The two tests served to elicit subjects’ risk aversion in the monetary domain and the environmental domain. We used a variant of the Eckel-Grossman test (Eckel and Grossman 2002, 2008), where subjects were presented with five gambles of varying riskiness and were required to select the one they prefer. All gambles had two possible outcomes: Outcome X with 50% likelihood and Outcome Y with 50% likelihood; that is, both outcomes were equiprobable. In addition, the expected payoffs were easy to calculate and the increasing variance as the gambles got riskier was significantly large to be noticeable. This test is a simplified version of the one designed by Holt and Laury (2002), but it still elicits sufficient heterogeneity in subjects’ responses (Eckel and Grossman 2008).

The Monetary Risk Aversion Test (MRAT) was set at a magnitude level that was comparable to the choices given to subjects in the discounting tasks. The gambles started at an option with identical outcomes (i.e. a gain of £50) and moved to options of increasing variance at the point where the last option’s equiprobable outcomes were £5 and £162.50. Expected payoffs increased as you moved down the table, so choices further down indicated lower risk aversion. The Environmental Risk Aversion Test (ERAT) was matched in magnitude to the MRAT at the same conversion rate of money per plant (£5 per plant) used in the discounting tasks. Analogous to the MRAT, the first option had identical outcomes, whereas the last option’s equiprobable outcomes were 1 plant and 33 plants. The lists of gambles presented in the MRAT and the ERAT are displayed in Panel A and Panel B, respectively, in Table 4.

Table 4 Risk Aversion Tests

3.3.3 Cognitive Reflection Test (CRT) & Questionnaire (Q)

The Cognitive Reflection Test (CRT) was proposed by Frederick (2005) as a way of measuring a specific type of cognitive ability—that of suppressing a spontaneous response in favor of a more deliberately-thought-out one. The CRT consists of 3 questions. In order to successfully complete the CRT subjects were required to question their initial response and devote some cognitive power to realize that it was incorrect and, consequently, arrive at the correct answer. The inclusion of the CRT task allows us to capture the heterogeneity in subjects’ reflective ability. More specifically, cognitive ability could plausibly be increasingly relevant to the evaluation of intertemporal (monetary and environmental) choices and (monetary and environmental) risk aversion. The three CRT questions are included in the Online Appendix.

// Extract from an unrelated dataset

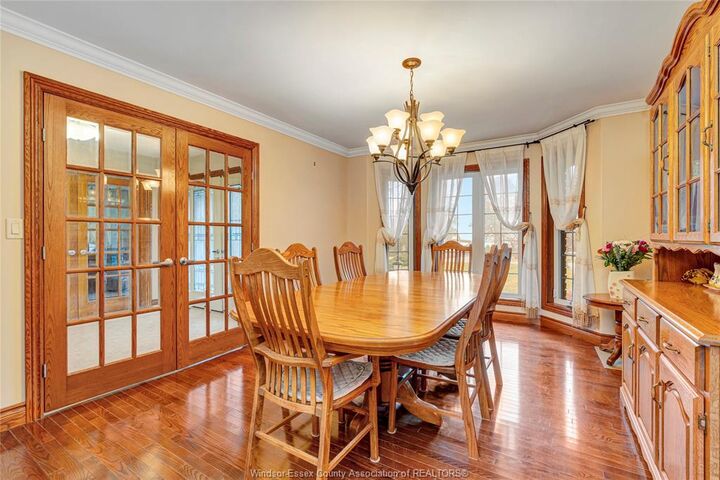 Property Photo: 870 McRae Avenue ON N9Y 2R8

Finally, in the last stage, we administered the Questionnaire (Q). The questionnaire consisted of questions of socio-demographic nature as well as 17 questions taken from the Segmentation Model developed by DEFRA (2008) Footnote 12 The latter part pertained to subjects’ values, attitudes and motivations as well as current behaviors and barriers to change. In addition, the questions covered topics such as climate change, recycling, transportation and water use. The Q was administered in the last stage in order to remove any unintentional impact these questions might have on the environmental intertemporal choices and environmental risk aversion of subjects.

3.4 Payment mechanism

The experimental design applied a variant of the random-lottery incentive scheme, where subjects make a number of decisions knowing that, at the end of the experimental session, one of these decisions will be selected for payment. There is a vast literature testing the validity of this payment scheme. Laury (2005) found that subjects do not scale down decisions when they are only being paid for a subset of these decisions. Along the same lines, Cubitt et al. (1998) confirmed that such design does not contaminate elicited preferences. Hey and Lee (2005) showed that subjects separate the various questions and respond to each question individually and in isolation from the rest; thus, incentives are retained. Recently, Andersen et al. (2014) find no evidence that the use of probabilistic payment schemes on discount rates changes behavior relative to that in a fully-paid experiment. An added value of this approach is that it neutralizes the income effect that would otherwise be experienced as subjects progress through the periods. Our approach was to apply a double layered random-lottery incentive payment scheme. More specifically, two subjects in each experimental session were randomly selected to be paid for their choices. The first subject selected was paid for either the choice made in the MD task or the choice made in the ED task, where each task had an equal probability of being selected. Once the domain was selected, one of the 18 questions was drawn and the subject’s choice in that question was paid (with money or plants accordingly). The second subject selected was paid for either the choice made in the MRAT or the choice made in the ERAT, where each test had an equal probability of being selected. Once the test was selected, an outcome was drawn (X or Y where each outcome had an equal probability of being selected) and the subject was paid (with money or plants accordingly) based on the gamble chosen.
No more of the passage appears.